For detailed strategy mapping on positive regime days, see the 0DTE strategies guide.
Negative gamma day — what actually happens
Negative regime inverts the three patterns:
- Ranges expand. Realised range can exceed the opening ATM straddle's implied move. The "expected move" published at 9:30 AM is a floor, not a ceiling.
- Dips get sold, rallies get bought. Dealer hedging amplifies direction. A weak open gets weaker through lunch; a strong open adds through the afternoon.

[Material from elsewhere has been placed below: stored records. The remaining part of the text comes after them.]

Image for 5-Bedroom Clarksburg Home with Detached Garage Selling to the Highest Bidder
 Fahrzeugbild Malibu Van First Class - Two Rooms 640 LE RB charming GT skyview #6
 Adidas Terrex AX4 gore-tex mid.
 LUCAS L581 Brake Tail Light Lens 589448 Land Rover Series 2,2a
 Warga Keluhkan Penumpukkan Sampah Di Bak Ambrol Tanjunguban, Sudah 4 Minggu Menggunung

- Pin risk stays low or decays. Attraction to a magnet strike is weaker because the hedging flow is not biased toward mean-reversion.

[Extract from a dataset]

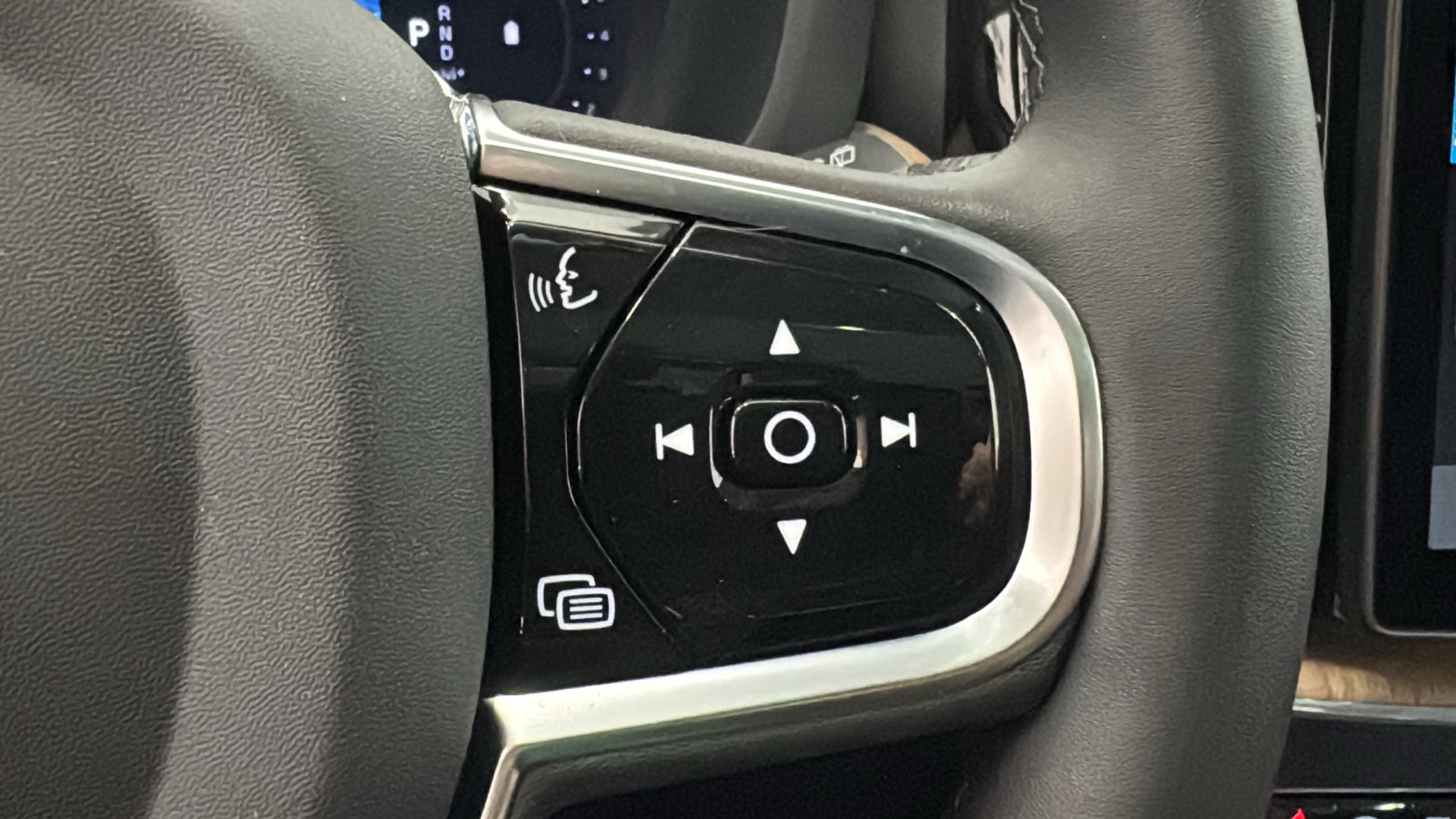 New 2027 Volvo XC60 B5 Plus AWD/4WD image 14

The practical implication for short-premium trades is direct: negative-regime days are not the environment for iron condors or credit spreads targeting a pin. Dealer flow is not on your side. Either trade the amplification directly (long vol, long delta in the direction the regime is pushing) or sit out.
Reading the regime from the API
One call returns the regime label, the 0DTE gamma flip, and the 0DTE share of total GEX:
import requests
r = requests.get(
"https://lab.flashalpha.com/v1/exposure/zero-dte/SPY",
headers={"X-Api-Key": "YOUR_API_KEY"}
)
d = r.json()
regime = d["regime"]
print(f"Label: {regime['label']}")
print(f"0DTE flip: ${regime['gamma_flip']:.2f}")
print(f"Spot vs flip: {regime['spot_vs_flip']}")
print(f"Distance: {regime['spot_to_flip_pct']:.2f}%")
print(f"0DTE share: {d['exposures']['pct_of_total_gex']:.0f}% of chain")
The exposures.pct_of_total_gex field is the lever for deciding whether today's 0DTE regime matters. When it is above 50%, 0DTE hedging dominates intraday flow and the 0DTE regime is the relevant read. Below 30%, the full-chain GEX picture is more important — 0DTE contributes but does not drive.
Combining regime with pin score
The cleanest 0DTE reads come from combining the regime with the 0-100 pin score. Four combinations recur:
| Regime | Pin score | Session character |
| Positive | High (>70) | Classic pin day — sell premium around magnet, small size |
| Positive | Low (<40) | Range-bound drift with no strong attractor — mean-revert extremes |
| Negative | Any | Trend or vol day — avoid short premium, follow the amplification |
| Transitioning | Collapsing | Flip breach imminent — reduce size, re-read in 30 min |
These four reads cover most of the session types traders encounter. They are the skeleton; the pin score numbers and hedging estimates are the meat.
Why regime reads replace chart patterns
Most retail 0DTE education teaches chart patterns. Breakouts, flags, support-resistance levels drawn by eye. These patterns are not wrong — they are downstream effects of dealer hedging flow, and sometimes they fire. But they are lossy compressions of the structural signal. The regime and flip level tell you directly which direction the hedging force is pushing; the chart tells you whether price has gotten there yet.
A breakout in a positive-gamma regime fails more often than it succeeds — dealer hedging is actively selling the rally. A breakout in a negative-gamma regime runs. Same chart pattern, opposite outcomes. The difference is not visible on the price chart at all; it is in the options book. Read the book.
For the full theory of how gamma exposure creates intraday levels, see 0DTE Gamma Exposure & Pin Risk. For the SPXW index specifics, see the SPXW 0DTE guide. For the SPY playbook, see SPY Complete 0DTE Playbook.
The short answer
0DTE regime is the sign of dealer gamma for today's expiry — positive dampens moves, negative amplifies them. The 0DTE gamma flip can be 10-40 points off the full-chain flip and it is the number that matters for today's range. Read it live alongside the pin score; those two numbers explain most of what happens intraday in same-day expiration products.